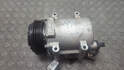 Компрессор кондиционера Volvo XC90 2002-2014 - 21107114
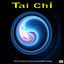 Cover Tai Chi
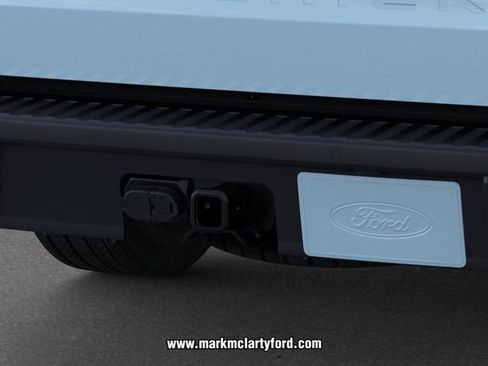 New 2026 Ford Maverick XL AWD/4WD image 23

********************

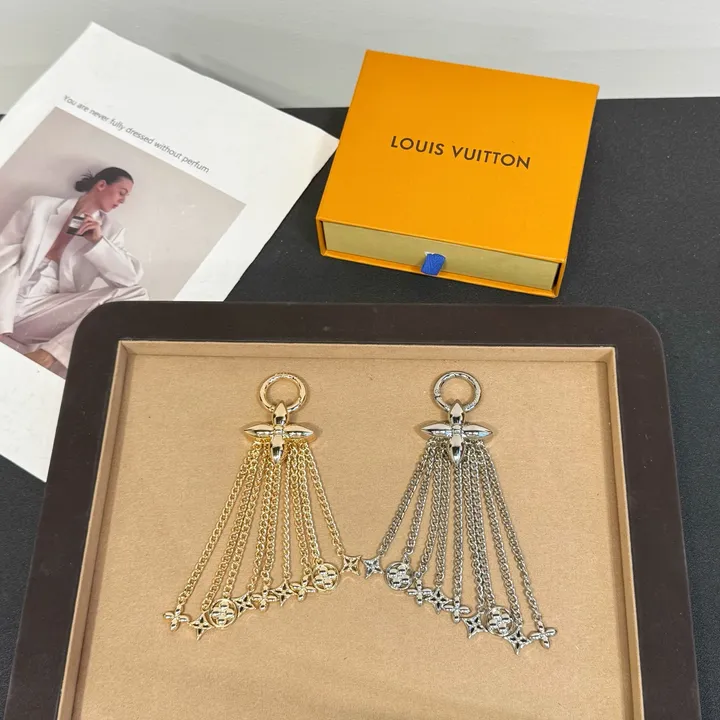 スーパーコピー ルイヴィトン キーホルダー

********************

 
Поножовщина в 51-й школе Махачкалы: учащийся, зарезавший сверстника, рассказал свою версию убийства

********************

■ YOUR OBJECTIVE:
With the pictures left out, write out exactly the lines above from the one containing "Компрессор кондиционера Volvo" through the one containing "New 2026 Ford Maverick XL AWD/4WD image 23".

■ TASK RESPONSE:
 Компрессор кондиционера Volvo XC90 2002-2014 - 21107114
 Cover Tai Chi
 New 2026 Ford Maverick XL AWD/4WD image 23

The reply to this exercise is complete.